It was the first day of fourth grade and my best friend was late.  We always walked the three suburban blocks to school back in the days when it was safe to let your kids walk to school by themselves.  I paced in my driveway waiting for her to appear at the corner where we met.  I smoothed my dress my mother had sewn for me, special for this day.  I knew Jody and I weren't in the same class and my cousin didn't have the same teacher either.  Secretly I was relieved.  It was my turn to see who I really was and what I was capable of instead of standing behind them and letting them shine.  Finally I saw her dad turn the corner and he pulled into the driveway.  "Dad's driving us, I couldn't figure out what to wear."  I scrambled in and shut the door saying, "Good Morning Dad Kringle."  That's how close Jody and I were.  I didn't say Mr. and Mrs. to her parents.  They were Mom and Dad Kringle.  My parents however were Mr. and Mrs. Marshall.  In the thirty five years Jody and I were best friends, not once did that ever change.  Neither did her tardiness nor my promptness.

In my house, my clothes were always laid out the night before.  My books were on the desk ready for me to pick up on the way out the door.  My lunch was packed, only my sandwich to be grabbed out of the refrigerator to complete it.  This made morning run smoothly at our house.  Tranquility was treasured at our house.  Don't upset your father was the motto.  So I got extremely anxious to the point of nauseau when Jody was late for school.  I didn't want to upset my father even though he was already at work and had been for two hours.  And my mother was at home and could have easily taken me to school.  She was just relieved to have me out the door.  No kids.  Had she been given the chance to do it over again, I think she would have looked at the inability to give birth as a blessing from above and kept working.  She didn't enjoy motherhood and nurturing wasn't in her nature.

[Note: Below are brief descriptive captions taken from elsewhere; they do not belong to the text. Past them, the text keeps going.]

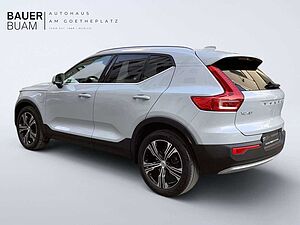 Volvo  Inscription Expression Plug-In Hybrid 2WD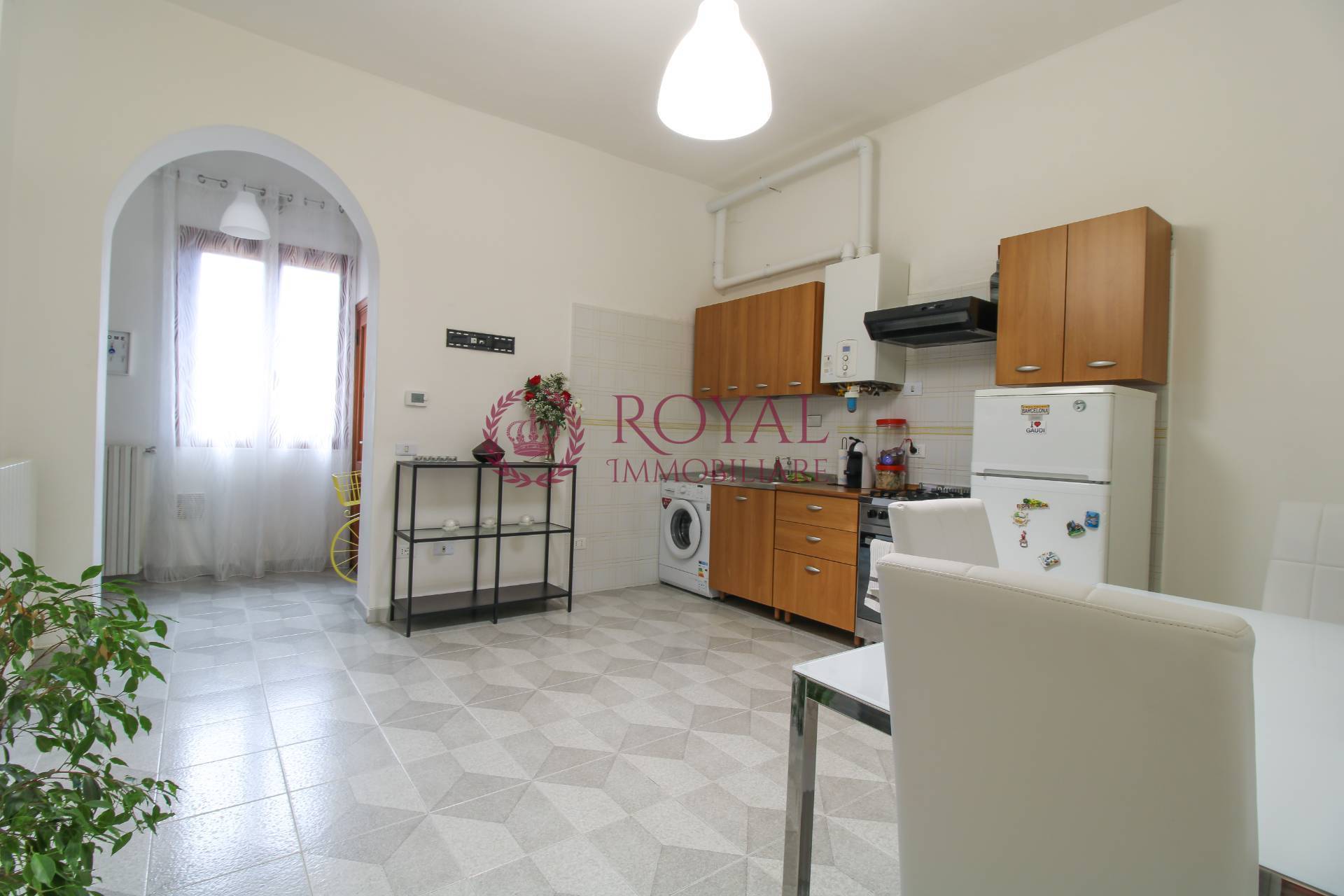 Appartamento LIVORNO affitto  ARDENZA  Royal Immobiliare Professional S.a.S.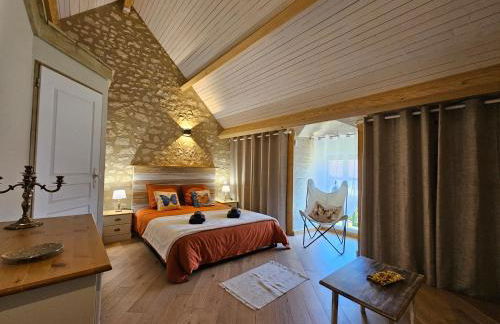 Les Peupliers - Foto 8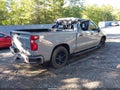 2024 Chevrolet Silverado 1500 — photo 4 of 20 | VIN 1GCPDBEK1RZ188917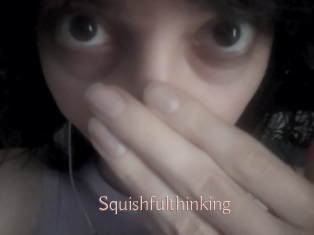 Squishfulthinking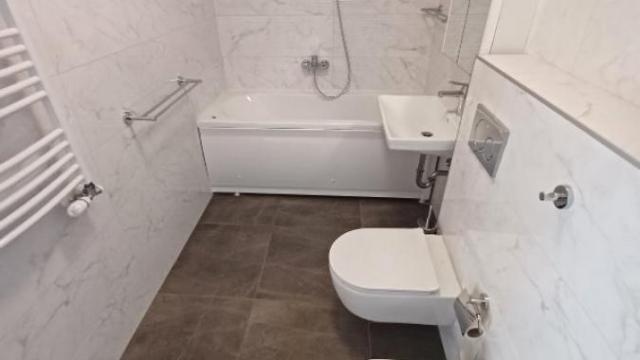 Poslovni prostor, Troiposoban, Izdavanje, 84m2, Kalenić pijaca, Vračar, Novopazarska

Finally on our way to school I noticed the school patrol had already left their crossing posts and the crossing guard had already left.  I was going to be late on the first day of school.  I couldn't help but resent Jody.  She was always late.  Couldn't she be ready on time just this once?  We got dropped off on the first bell.  We had one more bell before we were officially tardy.  I thanked Jody's dad and didn't even speak to her as I rushed to my class.  The only seats left were in the very front, but I didn't mind.  I liked to be up front so I wouldn't be mistaken for getting into trouble that always happened in the back of the room.  This was the first time I would be in an air conditioned room.  Slowly the PTA was working towards raising the funds to air condition each of the rooms in the school.  It was Northeast Florida and it was sweltering for most of the months of school.  I tucked my lunch box under my desk and put my notebook filled with notebook paper and my pencil box under my desk.  Back then the school provided crayons and pretty much anything else we needed.

Our teacher was named Ms. Johnson, a thin friendly looking woman and back then we would have called her black.  She was very light skinned.  She had curly hair that framed her face and a soft voice that made you listen.  This was only the third year of desegregation and I wondered how far she'd had to drive to get to my school in the all white neighborhoods my school was in.  I wondered how she felt looking at a sea of white faces with maybe two black faces looking back at her.  There certainly were no Indian, Chinese, Filipino, Arab or any other nationality represented in our school.  The closest we had come was a French boy all the girls had a crush on in the third grade who had moved back to France in the middle of the year.  Where did they go to school?  I think maybe one bus load of black students were bussed over from the other side of town, from their friends and families to go to a school where they knew no one.  I don't remember having any black friends until fifth grade, but they were very loyal, protecting me from the other black girls that wanted to beat me up for no apparent reason!

But back to Ms. Johnson.  I liked her immediately, until she started calling girls up to her and whispering things to them.  They would go back to their seats, holding a secret that Ms. Johnson told them, that I didn't know.  I wanted in on the secret.  But at the same time, I liked to fly under the radar.  I didn't like to bring attention to myself.  The motto of    "Don't upset your father" carried over to school as well.  "Don't upset the teacher" was just an extension of that motto.  Because if she got upset enough and called home, the "Don't upset you father" was out the door.  And if you upset father, it wasn't pretty.  He may have wanted children, I'm not really sure which one wanted to adopt, I just know the preacher told them something like those who can't adopt after ten years of trying.  But, he didn't want children that made noise, upset him or were visible when he didn't want them to be.  And he didn't want them to have opinions.  But that's another story.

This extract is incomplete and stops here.